Goal of the exercise: Scan the records beneath this line for the line holding "香港逾千占中者抗清场挑衅警员 警方喷射催泪剂占中新浪新闻" and the line holding "Bathroom 2-pic 1", then transcribe exactly those two and all lines between.

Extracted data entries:
▬▬▬▬▬▬▬▬▬▬

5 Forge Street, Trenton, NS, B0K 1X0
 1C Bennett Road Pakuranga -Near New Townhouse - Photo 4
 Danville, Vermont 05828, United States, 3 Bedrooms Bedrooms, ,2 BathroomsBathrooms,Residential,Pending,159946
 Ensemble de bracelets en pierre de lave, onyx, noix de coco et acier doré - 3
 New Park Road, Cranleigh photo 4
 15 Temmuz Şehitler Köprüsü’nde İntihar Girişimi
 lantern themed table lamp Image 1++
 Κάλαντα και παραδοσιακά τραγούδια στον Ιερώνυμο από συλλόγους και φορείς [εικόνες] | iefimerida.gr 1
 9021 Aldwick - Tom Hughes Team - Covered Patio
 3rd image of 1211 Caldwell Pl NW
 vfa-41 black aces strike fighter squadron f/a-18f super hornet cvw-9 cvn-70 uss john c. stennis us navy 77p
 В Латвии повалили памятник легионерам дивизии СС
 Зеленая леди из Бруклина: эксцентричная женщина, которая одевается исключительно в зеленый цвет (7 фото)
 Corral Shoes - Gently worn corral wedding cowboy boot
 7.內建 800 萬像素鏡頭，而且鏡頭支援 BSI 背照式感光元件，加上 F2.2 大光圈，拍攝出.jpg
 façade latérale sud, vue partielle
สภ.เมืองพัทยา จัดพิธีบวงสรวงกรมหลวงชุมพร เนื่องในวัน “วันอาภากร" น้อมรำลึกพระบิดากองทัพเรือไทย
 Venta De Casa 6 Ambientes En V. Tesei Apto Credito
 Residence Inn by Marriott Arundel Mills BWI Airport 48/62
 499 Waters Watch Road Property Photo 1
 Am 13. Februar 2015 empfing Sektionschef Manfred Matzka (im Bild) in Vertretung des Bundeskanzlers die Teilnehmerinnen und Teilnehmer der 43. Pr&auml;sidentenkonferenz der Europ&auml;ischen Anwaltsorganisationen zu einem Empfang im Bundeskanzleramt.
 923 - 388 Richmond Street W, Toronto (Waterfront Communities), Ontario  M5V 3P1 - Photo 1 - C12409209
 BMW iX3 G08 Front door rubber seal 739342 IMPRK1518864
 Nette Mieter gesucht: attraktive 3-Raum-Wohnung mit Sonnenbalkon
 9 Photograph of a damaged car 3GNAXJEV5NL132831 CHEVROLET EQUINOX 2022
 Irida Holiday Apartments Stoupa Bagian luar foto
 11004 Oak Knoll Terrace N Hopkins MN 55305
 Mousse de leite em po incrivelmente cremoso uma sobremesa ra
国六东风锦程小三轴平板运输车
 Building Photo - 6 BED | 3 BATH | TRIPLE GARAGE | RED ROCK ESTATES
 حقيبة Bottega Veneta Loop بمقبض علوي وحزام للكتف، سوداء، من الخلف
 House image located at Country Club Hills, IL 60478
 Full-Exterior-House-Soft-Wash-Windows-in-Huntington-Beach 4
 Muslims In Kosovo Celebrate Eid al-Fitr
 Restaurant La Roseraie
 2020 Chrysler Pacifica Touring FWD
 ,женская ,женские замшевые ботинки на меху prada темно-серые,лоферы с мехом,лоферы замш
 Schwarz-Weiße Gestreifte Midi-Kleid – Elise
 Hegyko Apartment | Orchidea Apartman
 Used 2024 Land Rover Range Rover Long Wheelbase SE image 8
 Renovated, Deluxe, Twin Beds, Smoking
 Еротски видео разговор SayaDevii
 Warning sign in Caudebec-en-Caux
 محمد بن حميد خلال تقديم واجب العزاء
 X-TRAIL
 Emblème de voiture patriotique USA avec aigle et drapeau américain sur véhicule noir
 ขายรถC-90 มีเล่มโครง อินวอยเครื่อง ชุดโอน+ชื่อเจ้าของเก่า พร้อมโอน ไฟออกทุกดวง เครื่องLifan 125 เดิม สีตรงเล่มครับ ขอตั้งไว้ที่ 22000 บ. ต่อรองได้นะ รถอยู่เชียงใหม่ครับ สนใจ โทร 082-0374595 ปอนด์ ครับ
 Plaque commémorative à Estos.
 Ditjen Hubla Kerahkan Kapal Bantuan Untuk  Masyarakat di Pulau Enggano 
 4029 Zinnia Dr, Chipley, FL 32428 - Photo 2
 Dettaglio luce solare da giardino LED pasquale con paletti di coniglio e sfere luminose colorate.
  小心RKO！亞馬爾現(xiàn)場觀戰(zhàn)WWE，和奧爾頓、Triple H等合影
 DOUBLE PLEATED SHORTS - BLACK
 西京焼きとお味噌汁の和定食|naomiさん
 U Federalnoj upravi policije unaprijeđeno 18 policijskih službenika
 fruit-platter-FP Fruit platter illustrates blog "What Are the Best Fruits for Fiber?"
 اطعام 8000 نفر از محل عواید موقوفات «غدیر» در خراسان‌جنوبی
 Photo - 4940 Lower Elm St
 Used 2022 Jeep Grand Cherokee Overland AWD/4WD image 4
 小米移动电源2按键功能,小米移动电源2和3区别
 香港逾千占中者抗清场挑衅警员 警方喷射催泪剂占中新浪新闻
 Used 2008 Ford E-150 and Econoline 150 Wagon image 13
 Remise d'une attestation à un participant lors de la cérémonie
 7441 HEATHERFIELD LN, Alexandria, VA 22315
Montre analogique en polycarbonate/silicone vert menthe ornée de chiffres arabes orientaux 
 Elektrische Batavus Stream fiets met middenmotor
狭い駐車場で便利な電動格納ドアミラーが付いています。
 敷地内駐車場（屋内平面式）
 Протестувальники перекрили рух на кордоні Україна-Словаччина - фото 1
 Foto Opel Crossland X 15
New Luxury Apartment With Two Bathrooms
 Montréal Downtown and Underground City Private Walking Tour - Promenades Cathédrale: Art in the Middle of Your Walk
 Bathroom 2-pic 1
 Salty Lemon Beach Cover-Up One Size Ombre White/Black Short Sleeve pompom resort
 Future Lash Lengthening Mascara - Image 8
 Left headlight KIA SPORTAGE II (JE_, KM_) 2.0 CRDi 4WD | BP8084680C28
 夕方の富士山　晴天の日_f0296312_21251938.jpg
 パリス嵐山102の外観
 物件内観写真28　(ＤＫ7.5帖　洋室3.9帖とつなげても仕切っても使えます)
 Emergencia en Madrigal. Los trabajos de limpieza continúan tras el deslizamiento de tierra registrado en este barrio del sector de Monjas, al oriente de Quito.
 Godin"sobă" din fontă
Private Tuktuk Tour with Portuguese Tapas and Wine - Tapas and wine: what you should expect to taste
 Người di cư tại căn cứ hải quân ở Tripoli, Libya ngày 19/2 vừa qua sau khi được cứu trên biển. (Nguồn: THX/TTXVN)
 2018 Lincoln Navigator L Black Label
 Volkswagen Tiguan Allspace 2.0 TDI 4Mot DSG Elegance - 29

▬▬▬▬▬▬▬▬▬▬

Task solution:
 香港逾千占中者抗清场挑衅警员 警方喷射催泪剂占中新浪新闻
 Used 2008 Ford E-150 and Econoline 150 Wagon image 13
 Remise d'une attestation à un participant lors de la cérémonie
 7441 HEATHERFIELD LN, Alexandria, VA 22315
Montre analogique en polycarbonate/silicone vert menthe ornée de chiffres arabes orientaux 
 Elektrische Batavus Stream fiets met middenmotor
狭い駐車場で便利な電動格納ドアミラーが付いています。
 敷地内駐車場（屋内平面式）
 Протестувальники перекрили рух на кордоні Україна-Словаччина - фото 1
 Foto Opel Crossland X 15
New Luxury Apartment With Two Bathrooms
 Montréal Downtown and Underground City Private Walking Tour - Promenades Cathédrale: Art in the Middle of Your Walk
 Bathroom 2-pic 1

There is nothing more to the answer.